Catching up with Peter Lavorini | TFC Founding Board Member & MBA ’16

Could you please briefly describe your academic and professional background?

I’m an Owen MBA ’16, currently working as a consultant with The Bridgespan Group. Prior to Owen, the majority of my professional career was spent in the public education sector: first as a 6th grade teacher in Hartford, CT through Teach For America, then in project management roles with the New York City Department of Education and Pittsburgh Public Schools.

What is your role at The Bridgespan Group?

Bridgespan is a non-profit organization focused on improving the social sector and breaking intergenerational cycles of poverty. We’re best known for our consulting work, where we support other non-p
rofit organizations—direct service providers, philanthropic organizations, and advocacy groups–solve complex strategic problems.

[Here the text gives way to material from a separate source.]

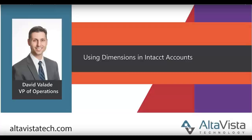Hello, this is David Valade with AltaVista Technology. Today I'm going to show a basic but really important concept that comes up when trying to create a chart of accounts and how you can do something very sophisticated with a product like Intact. So let me start with a basic example here.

We recognize that the needs of the social sector are greater than what we’re able to support through our consulting model, so we’re also invested in researching and disseminating best practices for strategy and organizational effectiveness.

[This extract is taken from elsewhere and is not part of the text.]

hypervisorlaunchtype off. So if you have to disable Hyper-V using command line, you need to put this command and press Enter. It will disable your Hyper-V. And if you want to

My role as a consultant is to support these efforts. It’s an incredible job to have: not only do I get to provide strategic and analytic support to some of the most dedicated and brilliant people working in the fields of education, children, youth and families, public health, and global development, but I also get to think about how everyone working on these incredibly important issues can learn and benefit from the successes and failures of others.

What was your role at the TFC? How did your leadership at the TFC impact your overall experience as an MBA student at Vanderbilt?

I served as the president of Project Pyramid and as one of the founding members of the TFC’s programming and advisory boards. I honestly could not imagine my time at Owen without the TFC.  Most of my education about what it means to have a strategic vision and a high-performing organization came from my experience with Project Pyramid and the TFC, as well as how challenging it can be to create those two. More important, Project Pyramid and the TFC introduced me to brilliant student leaders, staff, and practitioners who were constantly challenging my understanding of poverty and approach to problem solving. I am incredibly grateful for the learning opportunities I experienced through the TFC, and I certainly wouldn’t be able to do the work I do now without it.

How did the TFC shape the direction in which you wanted to take your career?

Prior to the TFC, I was planning on continuing my work in public education because I thought that ensuring that every person had access to excellent educational opportunities was the best way to break cycles of intergenerational poverty. Now, I’ve begun to appreciate how complex poverty actually is and how multiple approaches to breaking cycles of poverty, including those that are market-driven, are necessary. The TFC forced me to think critically about what it would mean for those cycles to actually be broken and what it would take to break them. It also forced me to think about not only the role I wanted to have in addressing cycles of poverty, but also how I would want to operate in that role. Finally, Project Pyramid gave me my first experience as a consultant and showed me the value that the perspective of a respectful partner can provide.

Do you have any advice for someone hoping to build a career in this field?

I’m still very much building a career in this field myself, but I would suggest that any aspiring consultant should build their analytic abilities, both the hard stuff (e.g. Excel, statistics) as well as the soft stuff (e.g. communicating your findings). All organizations struggle with their analytic capabilities in some fashion and are always looking for help in making sense of data. A lot of my job is knowing the right question to ask, knowing how to find the right data to answer the question, and then communicating the answer so that the client can make the right action off of it.

Additionally, I would suggest that you read as much as you can about as many things as you can. Very rarely do any of our clients face problems that can only be solved by the experiences of others in the same business or field. When we work with education clients, for example, we’re often incorporating learnings from cases with public health organizations. Having a broad knowledge base from which to draw can be really helpful when you’re looking for innovative options.

Finally, take Project Pyramid! Consulting is different than other types of work and Project Pyramid will give you an idea if it’s the type of career in which you’d be happy.